Screw her and her kids.. She says "Somebody needs to be held accountable'.. You bet your ass,, SHE needs to be held accountable!!! She is a waste of skin!! There has been people that has been paying $800 a month for her rent and she EXPECTS it! I used to live int he area and remember that case.. She EXPECTS people to pay for HER children.. Ever her family is tired of her shit.. The best thing for them all is for them to fall asleep with a car running in the garage!! I just wish the mother would die a slow and painful death!!! I mean come on, 15 kids and 12 living with her.. And can't even ****ing pay for ANY of them!! Where does it end???????????


----------



## BigCheeseStick (Aug 7, 2013)

What hurts me the most about that video is what did the reporter say right from the very start? *"Did the system fail her?"* That's honestly how most of this country thinks! The proof is all around you and in the press every day.


----------



## Rigged for Quiet (Mar 3, 2013)

BigCheeseStick said:


> What hurts me the most about that video is what did the reporter say right from the very start? *"Did the system fail her?"* That's honestly how most of this country thinks! The proof is all around you and in the press every day.

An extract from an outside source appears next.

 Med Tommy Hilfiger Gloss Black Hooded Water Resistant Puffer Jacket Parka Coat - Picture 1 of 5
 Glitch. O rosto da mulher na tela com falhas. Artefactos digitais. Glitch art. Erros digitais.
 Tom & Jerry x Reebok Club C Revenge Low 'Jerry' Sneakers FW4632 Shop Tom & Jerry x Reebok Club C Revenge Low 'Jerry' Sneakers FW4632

Clearly the system failed to neuter her...


----------



## Boss Dog (Feb 8, 2013)

The $0.26 comment is a little more than tongue-in-cheek but, I do understand where you're coming from. I raised my 4 as well, as a single parent. 
It's tough, and I don't fault anyone who is genuinely trying but needs help. I also, despise those who "won't" work and are gaming the system. 
The problem is most of those on the receiving really believe they are entitled because that's how they were raised. We are into our second generation who know nothing but living off the govt from the cradle to the grave. If O'hitler is successful in cutting them off cold turkey, there WILL be blood in the streets. And he knows it.


----------



## Piratesailor (Nov 9, 2012)

You all know that they will take it to the wire but the rino's will cave and a new debt limit will be approved along with the worthless government reopening.. Well, the 17% that closed. All the people that the system has failed will get their ebt allowance and life will go on.. All this soon to be forgotten by the general population, as to be expected. And the ruling elite will keep at their games, make a few more million and move to the next manufactured crisis.


----------



## Inor (Mar 22, 2013)

MrsInor said:


> Time for a trip to Sam's -load up on Cheetos and sell to the folks down the street.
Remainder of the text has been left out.